One of the highlights of a major new retrospective at Tate Modern in London called "Alighiero Boetti: Game Plan" is a room of large textile maps of the world designed by Boetti but embroidered by weavers in Afghanistan and, later Pakistan.
In the "Mappa", each country is filled with the design of its national flag, meaning the tapestries reflect geo-political changes as they happened between 1971 and 1994, the year of Boetti's death.
In a 1983 example, Afghanistan is left blank, reflecting uncertainty over the sovereignty of the country under Soviet occupation.
And in another from 1979, a map was returned from Afghanistan with a pink ocean, reflecting the embroiderers' lack of familiarity with traditional maps and the fact that they came from a land-locked country.

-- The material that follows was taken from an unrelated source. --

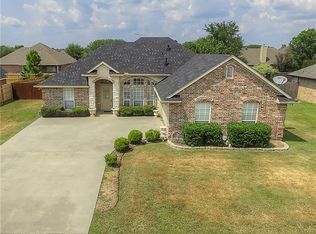 602 Acorn St, Pilot Point, TX 76258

"Boetti loved this intrusion of chance into the design and from then on left it to the makers to chose which colour to use for the seas," Tate said in its guide to the show, which runs from February 28-May 27.
Boetti's interest in Afghanistan was not just remote. He travelled there twice a year between 1971 and 1979, when he was prevented from going any more by the Soviet invasion.
During the 1970s he set up the One Hotel in Kabul with his friend and business partner Gholam Dastaghir as a kind of artistic commune, and after 1979 he shifted the production of the map tapestries to Peshawar in Pakistan where many Afghans sought refuge.
The collaboration between Boetti and his embroiderers reflected his fascination with what it meant to work with people from other cultures.
It also raised questions about authorship and authenticity in art which continue to this day with the likes of Damien Hirst and his spot paintings, which are almost exclusively executed by employees.
The exhibition opens chronologically -- going back to 1967 when Boetti announced his first solo exhibition in Turin and to 1969 when he began to call himself "Alighiero and Boetti" to reflect the artist's dual role as "shaman" and "showman".
The rest of the exhibition can be viewed in any order, grouping his oeuvre into maps, children's games, postal works, classification projects, planes, grids and drawings.
His preoccupation with time is exemplified in a 1967 work consisting of a lamp in a box which illuminates for 11 seconds every year, creating a heightened sense of expectation even though few people actually see it work.
Boetti's final self portrait, and his first work using cast bronze, is an image of the artist holding a hose that sprays water onto his head.
Because the head is heated, the water boils on contact creating a cloud of steam and portraying Boetti as a thinker with so many ideas that he needs to cool himself down.